Floda wrote:"Two cows together walked through the gates into a field, then they parted."
Place your two little fingers into either side of your mouth, pull your lips apart and speak the top line.
Oracle wrote:Floda wrote:"Two cows together walked through the gates into a field, then they parted."
Place your two little fingers into either side of your mouth, pull your lips apart and speak the top line.
Ouch! I laughed before I took my fingers away and now my bottom lip is split
I think you need a warning accompanying those instructions .....
Floda wrote:Oracle wrote:Floda wrote:"Two cows together walked through the gates into a field, then they parted."
Place your two little fingers into either side of your mouth, pull your lips apart and speak the top line.
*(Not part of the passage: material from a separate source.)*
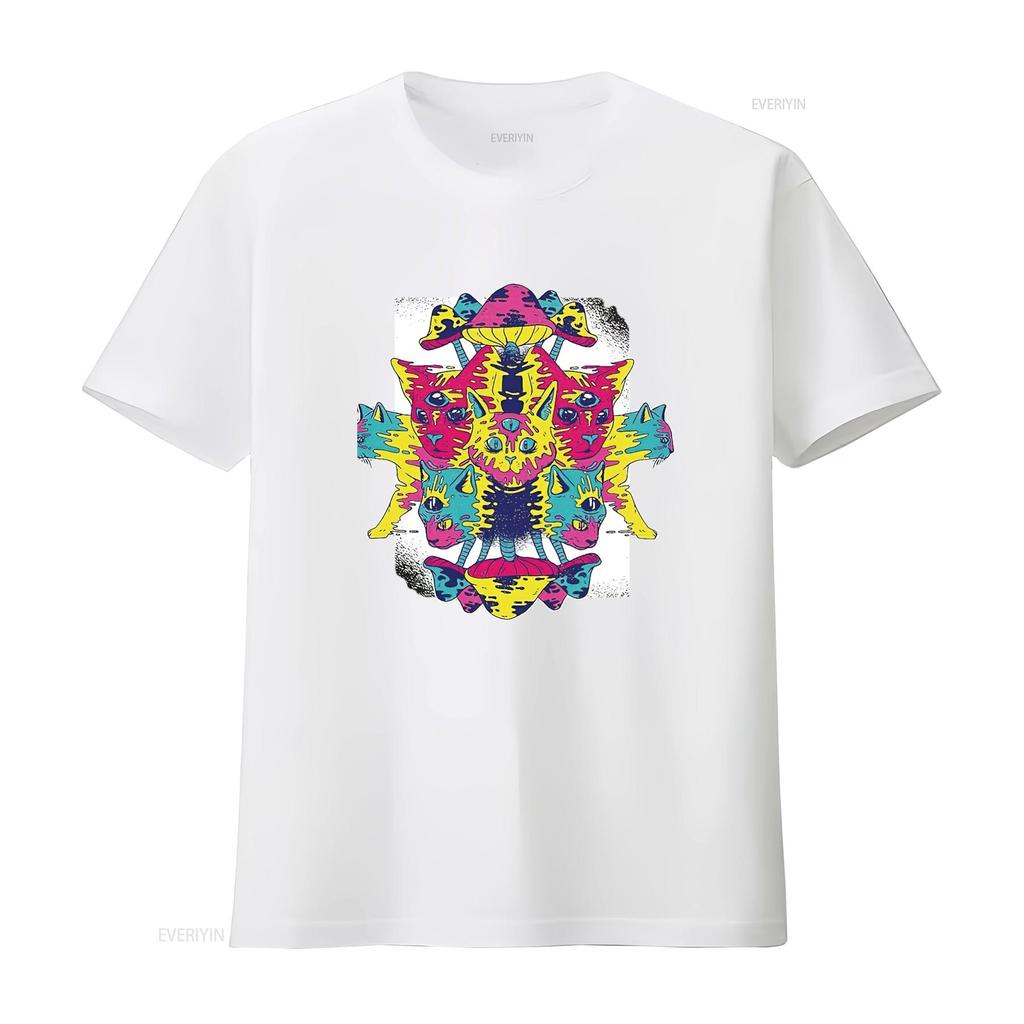 Herren Ideen für Katzenliebhaber Psychedelische Kätzchen und Pilze Design Schwarz Mehrfarbig T-Shirt vintage Gewaschen Dehnbar Stilvoll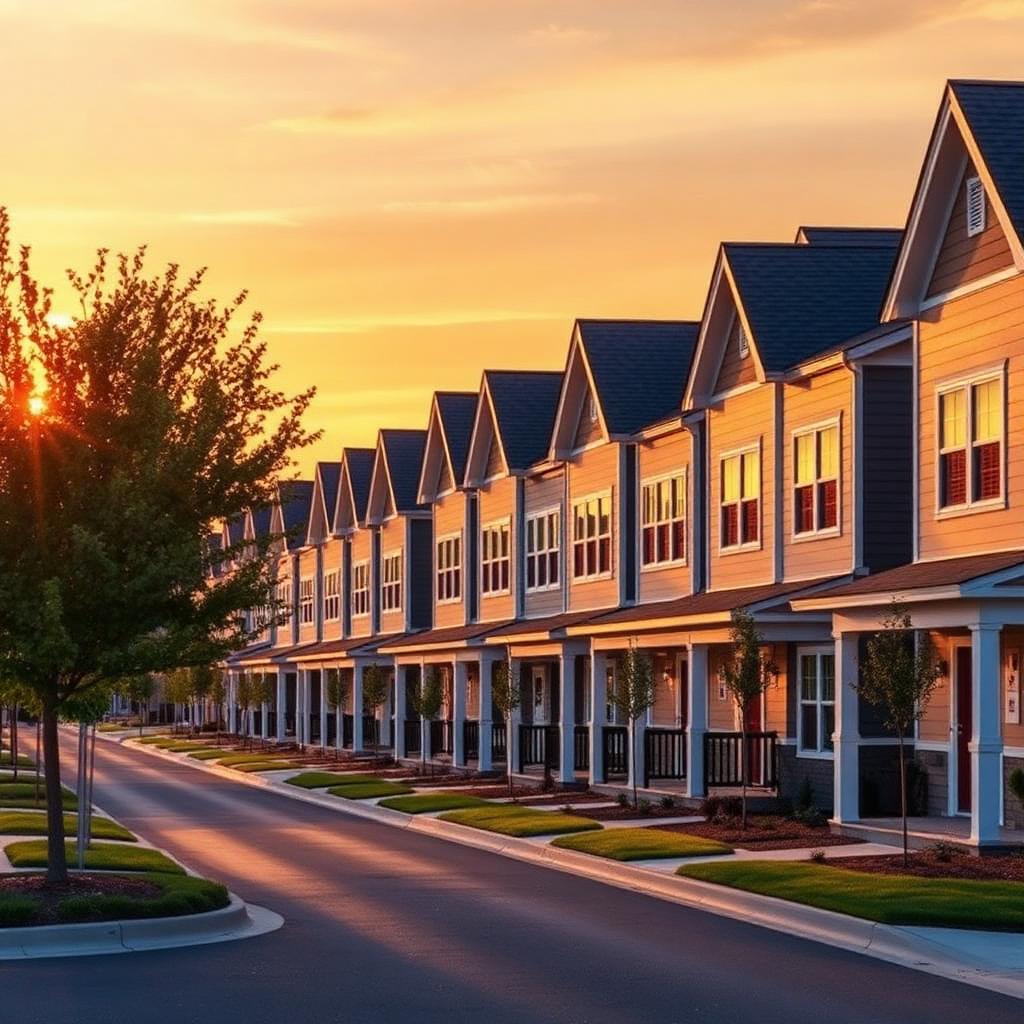 Attainable townhome community on a sunny day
Ouch! I laughed before I took my fingers away and now my bottom lip is split
I think you need a warning accompanying those instructions .....
My apologies, I never thought of such a possibility, so sorry.
Oracle wrote:Please do not hold yourself responsible. It's not as bad as the time hot tea came out through my nose, whilst reading one of your other posts. Ouch!
CBBB wrote:Oracle wrote:Please do not hold yourself responsible. It's not as bad as the time hot tea came out through my nose, whilst reading one of your other posts. Ouch!
I think I am going to be sick!
I presume the tea went all over your jersey, you took it off, and you were fresian.
Bouboulina wrote:FLODA WROTE : "Two cows together walked through the gates into a field, then they parted."
Place your two little fingers into either side of your mouth, pull your lips apart and speak the top line.